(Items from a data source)
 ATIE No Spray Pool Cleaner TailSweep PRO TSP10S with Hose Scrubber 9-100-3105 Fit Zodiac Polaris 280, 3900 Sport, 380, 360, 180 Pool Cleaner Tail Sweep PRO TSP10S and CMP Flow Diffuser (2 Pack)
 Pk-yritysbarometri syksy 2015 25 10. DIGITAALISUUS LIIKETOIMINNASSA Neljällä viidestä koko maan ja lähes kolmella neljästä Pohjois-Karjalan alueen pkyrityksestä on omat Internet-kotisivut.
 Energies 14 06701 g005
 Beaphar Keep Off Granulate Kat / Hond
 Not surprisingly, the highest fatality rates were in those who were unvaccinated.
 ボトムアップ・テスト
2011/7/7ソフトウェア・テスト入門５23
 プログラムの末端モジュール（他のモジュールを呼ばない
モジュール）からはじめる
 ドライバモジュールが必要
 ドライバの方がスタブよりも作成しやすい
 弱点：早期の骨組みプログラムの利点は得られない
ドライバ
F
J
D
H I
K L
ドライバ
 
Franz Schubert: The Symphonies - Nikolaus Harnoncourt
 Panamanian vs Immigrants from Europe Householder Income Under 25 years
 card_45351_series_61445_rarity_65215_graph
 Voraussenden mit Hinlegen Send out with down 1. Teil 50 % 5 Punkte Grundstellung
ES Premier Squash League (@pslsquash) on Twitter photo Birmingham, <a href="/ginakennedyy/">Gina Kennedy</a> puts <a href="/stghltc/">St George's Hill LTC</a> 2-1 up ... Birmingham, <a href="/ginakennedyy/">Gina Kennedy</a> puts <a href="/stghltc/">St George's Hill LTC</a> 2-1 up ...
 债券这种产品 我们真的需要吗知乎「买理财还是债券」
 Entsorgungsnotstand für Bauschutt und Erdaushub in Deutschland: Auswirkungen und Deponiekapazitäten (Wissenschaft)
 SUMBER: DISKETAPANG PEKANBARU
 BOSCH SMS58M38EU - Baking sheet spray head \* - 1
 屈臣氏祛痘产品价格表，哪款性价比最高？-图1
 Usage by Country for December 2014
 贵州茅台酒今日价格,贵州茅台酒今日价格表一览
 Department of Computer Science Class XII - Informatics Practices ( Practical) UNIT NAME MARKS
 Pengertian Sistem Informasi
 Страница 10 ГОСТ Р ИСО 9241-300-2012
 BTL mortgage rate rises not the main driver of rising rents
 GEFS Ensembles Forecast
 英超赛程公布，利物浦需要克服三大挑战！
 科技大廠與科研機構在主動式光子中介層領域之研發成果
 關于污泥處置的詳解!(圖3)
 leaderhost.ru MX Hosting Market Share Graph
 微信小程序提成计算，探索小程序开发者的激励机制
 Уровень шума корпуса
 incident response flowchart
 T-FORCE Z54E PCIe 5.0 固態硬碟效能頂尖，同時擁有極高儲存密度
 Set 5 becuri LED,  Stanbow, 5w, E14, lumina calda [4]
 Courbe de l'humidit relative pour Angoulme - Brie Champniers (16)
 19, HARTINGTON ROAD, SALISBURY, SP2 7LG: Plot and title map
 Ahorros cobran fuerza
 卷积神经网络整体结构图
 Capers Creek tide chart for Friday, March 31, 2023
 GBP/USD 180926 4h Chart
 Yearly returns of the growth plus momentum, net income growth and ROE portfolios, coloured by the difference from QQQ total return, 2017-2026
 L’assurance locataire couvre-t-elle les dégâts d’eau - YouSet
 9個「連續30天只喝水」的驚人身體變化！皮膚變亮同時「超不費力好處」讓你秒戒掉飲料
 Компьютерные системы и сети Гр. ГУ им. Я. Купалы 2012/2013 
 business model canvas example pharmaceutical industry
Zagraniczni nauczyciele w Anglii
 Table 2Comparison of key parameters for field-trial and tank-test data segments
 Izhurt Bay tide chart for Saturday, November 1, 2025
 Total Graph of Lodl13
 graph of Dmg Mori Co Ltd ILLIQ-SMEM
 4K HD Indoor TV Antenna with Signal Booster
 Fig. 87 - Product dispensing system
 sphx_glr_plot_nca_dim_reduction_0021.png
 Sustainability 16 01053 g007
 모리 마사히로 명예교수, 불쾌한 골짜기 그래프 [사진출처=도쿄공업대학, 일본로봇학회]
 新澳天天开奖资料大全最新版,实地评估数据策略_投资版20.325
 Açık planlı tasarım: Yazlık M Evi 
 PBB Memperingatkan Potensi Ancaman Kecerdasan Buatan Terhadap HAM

* **TASK DESCRIPTION**:
An exact copy of the lines above, from the one containing "ES Premier Squash" through the one containing "贵州茅台酒今日价格,贵州茅台酒今日价格表一览", is the whole of the answer.

* **ANSWER SPACE**:
ES Premier Squash League (@pslsquash) on Twitter photo Birmingham, <a href="/ginakennedyy/">Gina Kennedy</a> puts <a href="/stghltc/">St George's Hill LTC</a> 2-1 up ... Birmingham, <a href="/ginakennedyy/">Gina Kennedy</a> puts <a href="/stghltc/">St George's Hill LTC</a> 2-1 up ...
 债券这种产品 我们真的需要吗知乎「买理财还是债券」
 Entsorgungsnotstand für Bauschutt und Erdaushub in Deutschland: Auswirkungen und Deponiekapazitäten (Wissenschaft)
 SUMBER: DISKETAPANG PEKANBARU
 BOSCH SMS58M38EU - Baking sheet spray head \* - 1
 屈臣氏祛痘产品价格表，哪款性价比最高？-图1
 Usage by Country for December 2014
 贵州茅台酒今日价格,贵州茅台酒今日价格表一览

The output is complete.